As Singh goes through what is essentially the most pivotal job interview of his career, it’s pertinent to note that names alone have been shown to shape people’s perception of an applicant, before considering their qualifications or ideas. Study after study after study has demonstrated the inherent bias against job candidates with non-Anglo names in Canada. That’s not to say that if Singh doesn’t do well in the election, it is because of his name, but rather to point out that his name may influence how Canadians perceive him in a way that doesn’t apply to Justin Trudeau, Elizabeth May and Andrew Scheer.

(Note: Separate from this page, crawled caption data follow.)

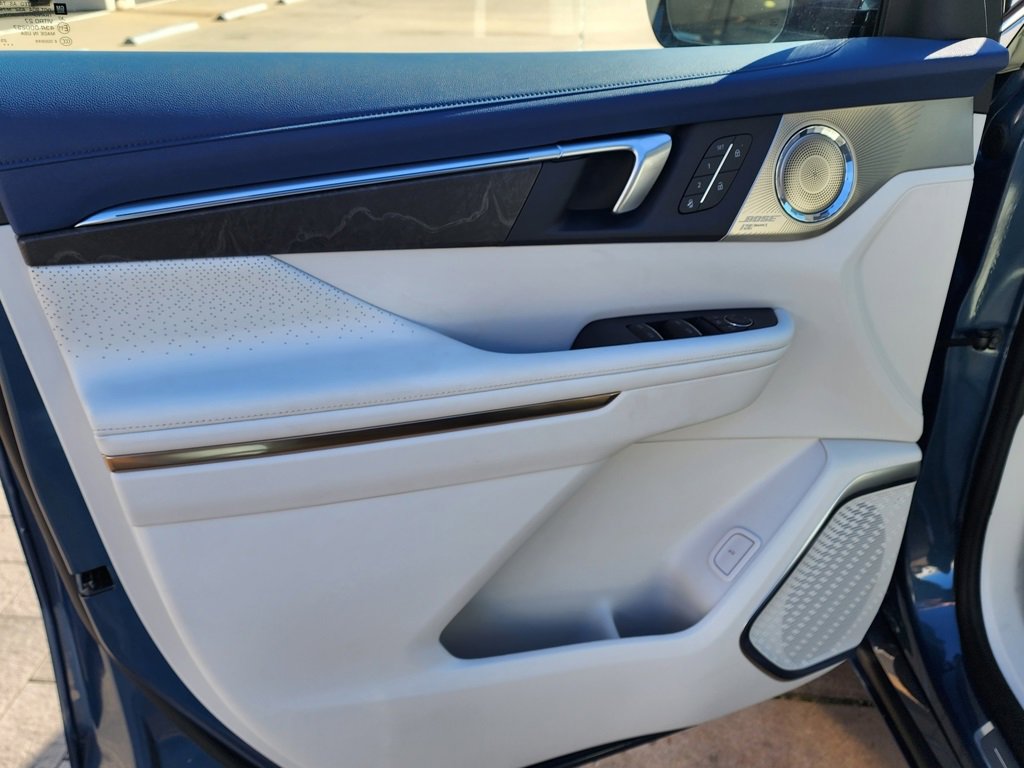 New 2026 Buick Enclave Avenir w/ Super Cruise Package image 13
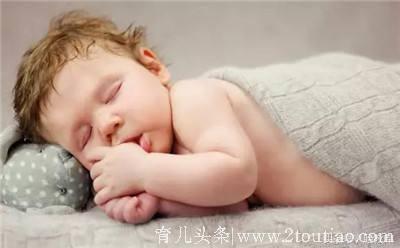 宝宝睡觉有这4个表现多为疾病信号，妈妈一定要注意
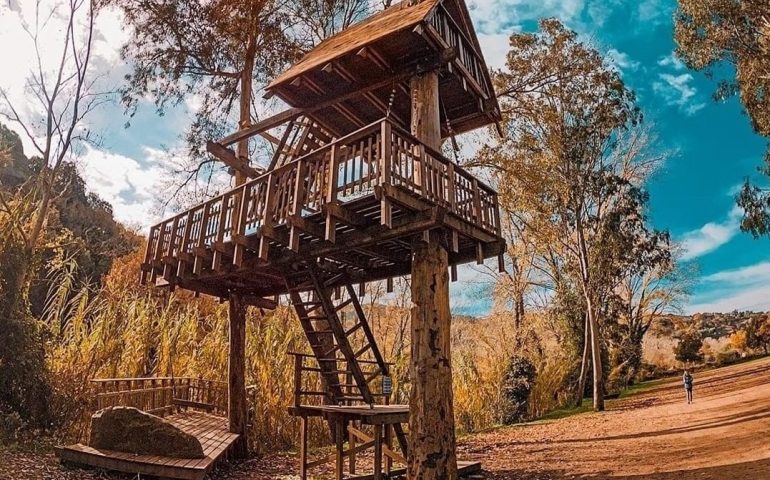 Lo sapevate? In Sardegna c’è una bellissima casetta sull’albero, il sogno di tutti i bambini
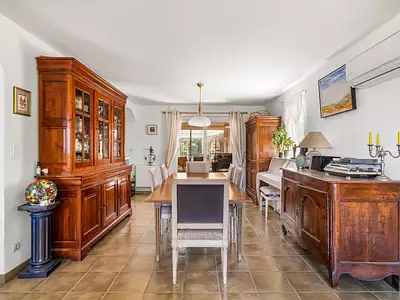 Maison, 181 m²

Can someone please teach @lauralynchcbc how to pronounce Jagmeet Singh's name? It's pronounced Jug-meet, not Jag-mit. Prononuncing a federal party leader's name properly seems basic.
— Devon Paul (@Devoptimus) September 19, 2019
Election 2019 challenge: pronounce Jagmeet Singh’s name properly
— Reluctant party hack (@notthatkhalid) September 9, 2019
is it really that hard for media/commentators to learn how to pronounce "Jagmeet Singh"?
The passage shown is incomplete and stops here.